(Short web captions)
=== Section Start ===

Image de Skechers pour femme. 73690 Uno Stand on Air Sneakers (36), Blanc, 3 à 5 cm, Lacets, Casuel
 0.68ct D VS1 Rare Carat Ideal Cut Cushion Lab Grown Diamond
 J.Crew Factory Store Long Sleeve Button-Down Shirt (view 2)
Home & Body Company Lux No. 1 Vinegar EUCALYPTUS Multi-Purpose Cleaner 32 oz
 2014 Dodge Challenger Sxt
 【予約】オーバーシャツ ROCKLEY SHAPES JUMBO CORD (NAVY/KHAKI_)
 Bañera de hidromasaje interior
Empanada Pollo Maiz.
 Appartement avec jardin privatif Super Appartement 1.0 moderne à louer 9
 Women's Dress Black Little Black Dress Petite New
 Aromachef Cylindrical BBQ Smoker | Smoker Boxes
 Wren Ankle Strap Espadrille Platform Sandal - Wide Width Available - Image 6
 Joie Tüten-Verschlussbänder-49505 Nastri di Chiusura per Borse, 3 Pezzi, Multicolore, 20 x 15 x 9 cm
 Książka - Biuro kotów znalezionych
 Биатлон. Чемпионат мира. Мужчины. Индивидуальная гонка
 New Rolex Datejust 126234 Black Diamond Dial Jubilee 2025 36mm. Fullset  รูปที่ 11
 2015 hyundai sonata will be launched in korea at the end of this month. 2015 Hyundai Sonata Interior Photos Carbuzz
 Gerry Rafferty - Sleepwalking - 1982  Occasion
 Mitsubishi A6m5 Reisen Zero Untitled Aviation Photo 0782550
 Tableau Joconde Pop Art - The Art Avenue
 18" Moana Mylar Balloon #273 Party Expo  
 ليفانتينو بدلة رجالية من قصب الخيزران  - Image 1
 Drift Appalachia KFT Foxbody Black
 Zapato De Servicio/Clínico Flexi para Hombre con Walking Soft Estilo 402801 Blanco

=== Section End ===

__EXERCISE DIRECTIONS__:
Please make an exact copy of the lines above from the line with "Home & Body" through the line with "Appartement avec jardin", both ends included.

__SOLUTION FOR THIS EXERCISE__:
Home & Body Company Lux No. 1 Vinegar EUCALYPTUS Multi-Purpose Cleaner 32 oz
 2014 Dodge Challenger Sxt
 【予約】オーバーシャツ ROCKLEY SHAPES JUMBO CORD (NAVY/KHAKI_)
 Bañera de hidromasaje interior
Empanada Pollo Maiz.
 Appartement avec jardin privatif Super Appartement 1.0 moderne à louer 9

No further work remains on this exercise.